This tutorial will introduce correlation and the correlation coefficient. Our discussion breaks down as follows:
1. Correlation
When first describing scatterplots, you learned about their form, direction, and strength.
-
Form assessed the linearity.
-
Direction says whether the data points tend to move in a positive or negative direction.
-
Strength shows how well they follow that form.
When the form is linear, we can use a number called the
correlation coefficient. It measures the strength and direction of a linear relationship. The direction will be easy to spot. It will be a positive number if there's a positive association, and a negative number if there's a negative association.
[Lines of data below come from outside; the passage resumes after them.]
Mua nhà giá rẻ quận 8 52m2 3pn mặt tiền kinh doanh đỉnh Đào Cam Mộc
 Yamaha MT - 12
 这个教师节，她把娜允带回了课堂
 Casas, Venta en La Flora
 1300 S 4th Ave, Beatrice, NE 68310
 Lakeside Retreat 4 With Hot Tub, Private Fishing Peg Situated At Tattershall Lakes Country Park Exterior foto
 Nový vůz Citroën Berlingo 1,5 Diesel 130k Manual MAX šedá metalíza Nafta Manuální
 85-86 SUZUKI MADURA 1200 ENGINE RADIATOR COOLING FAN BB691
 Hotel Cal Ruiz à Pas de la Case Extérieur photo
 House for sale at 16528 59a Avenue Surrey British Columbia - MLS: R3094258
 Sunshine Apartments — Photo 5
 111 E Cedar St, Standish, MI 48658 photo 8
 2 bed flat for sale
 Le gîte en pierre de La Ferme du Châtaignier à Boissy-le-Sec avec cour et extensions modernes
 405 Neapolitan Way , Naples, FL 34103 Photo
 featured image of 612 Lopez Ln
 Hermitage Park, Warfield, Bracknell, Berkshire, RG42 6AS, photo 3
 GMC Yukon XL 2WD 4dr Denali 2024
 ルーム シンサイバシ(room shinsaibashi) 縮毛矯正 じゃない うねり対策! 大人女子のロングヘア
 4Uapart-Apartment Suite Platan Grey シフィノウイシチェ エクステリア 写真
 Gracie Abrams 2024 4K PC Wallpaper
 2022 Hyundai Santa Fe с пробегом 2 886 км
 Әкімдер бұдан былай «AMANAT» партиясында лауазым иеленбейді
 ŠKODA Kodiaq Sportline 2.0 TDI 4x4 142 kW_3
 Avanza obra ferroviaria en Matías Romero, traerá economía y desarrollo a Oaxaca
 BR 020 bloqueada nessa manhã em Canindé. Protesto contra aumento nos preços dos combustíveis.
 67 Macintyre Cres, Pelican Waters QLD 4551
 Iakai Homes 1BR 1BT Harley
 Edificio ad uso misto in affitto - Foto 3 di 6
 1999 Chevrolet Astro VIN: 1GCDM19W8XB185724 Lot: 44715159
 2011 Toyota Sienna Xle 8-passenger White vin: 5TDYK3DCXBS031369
The numerical quantity will measure strength. The correlation coefficient is a variable called "r" and is unit-less. It is expressed as a number between negative 1 and positive 1 and indicates the strength of the linear association.
-
In statistical terms,
correlation describes the relationship between two variables. When the explanatory variable and the response variable both increase together, we refer to this as a
positive correlation. Conversely, if one variable decreases as the other increases, it is known as a
negative correlation.
Numbers that are close to negative 1 or positive 1 are associated with a strong association between the two variables—a 1 indicating a strong positive association, and a negative 1 indicating a strong negative association. Numbers near zero represent almost no linear relationship.
-
You can use the chart above to help you to understand the value of a correlation. Numbers between 0.8 and 1 are considered to have a strong correlation; between 0.5 and 0.8, a moderate correlation; and between 0 and 0.5, a very weak correlation. The same exists between negative 1 and 0.
-
- Correlation
- The strength and direction of a linear association between two quantitative variables.
- Correlation Coefficient (r)
- The numerical value between -1 and +1 that measures the correlation between two quantitative variables.
- Negative Correlation
- A relationship between variables where when one variable moves up or down, the other variable will move in the opposite direction.
- Positive Correlation
- A relationship between variables where when one variable moves up or down, the other variable will move in the same direction.
2. Correlation Coefficients and Scatterplots
Let's explore some scatterplots with different correlation coefficients.
Graph
|
Correlation
|
Explanation
|
|
r = -0.99
|
The data points are in a negative direction, so the correlation is a negative number. It is also nearly linear, so its correlation is negative 0.99, which is very close to negative 1. This graph shows a very strong, negative association.
|
|
r = -0.5
|
The data points are in a negative direction, so the correlation is a negative number. However, the data is fairly spread out, so the strength is not terribly strong. This graph shows a weak to moderate, negative association.
|
|
r = 0
|
The data points have a cloudy association, so it is neither positive nor negative. There is also no linear association between the two variables, so the correlation is zero.
|
|
r = 0.7
|
The data points show an upward association, so the correlation is a positive number. Although it is linear, the data points are not very clustered, but still close enough to show a fairly moderate to strong association.
|
|
r = 0.9
|
The data points are in a positive direction, so the correlation is a positive number. It is also very linear, so its correlation will be closer to 1. This graph shows a strong, positive association.
|
|
r = 0.3
|
Even though the points are spread out, a positive association is visible. However, since they are not closely clustered, the data points will show a weaker strength.
|
The correlation only relates the linear relationship between two quantitative variables. As a caution, you're going to hear the word correlation thrown around a lot in everyday speech; however, there are often very common errors made when comparing two different variables. It is always important to make sure the two variables being measured are quantitative.
-
Can you spot the errors in the following statements?
"There is a strong correlation between Type 2 diabetes, physical inactivity, and obesity."Although it's possible that they are related, you can't use the word correlation. The first error here is that three variables are being compared, and correlation only compares two variables. Also, Type 2 diabetes is categorical—either you have it, or you don't. Physical inactivity could be quantitative, but it's not obviously quantitative. Obesity is certainly categorical.
Correlation measures the strength and direction of a linear relationship between two variables on a scatterplot. Strong associations have correlation coefficients near positive 1 or negative 1. Scatterplots with weak correlation coefficients are values near zero.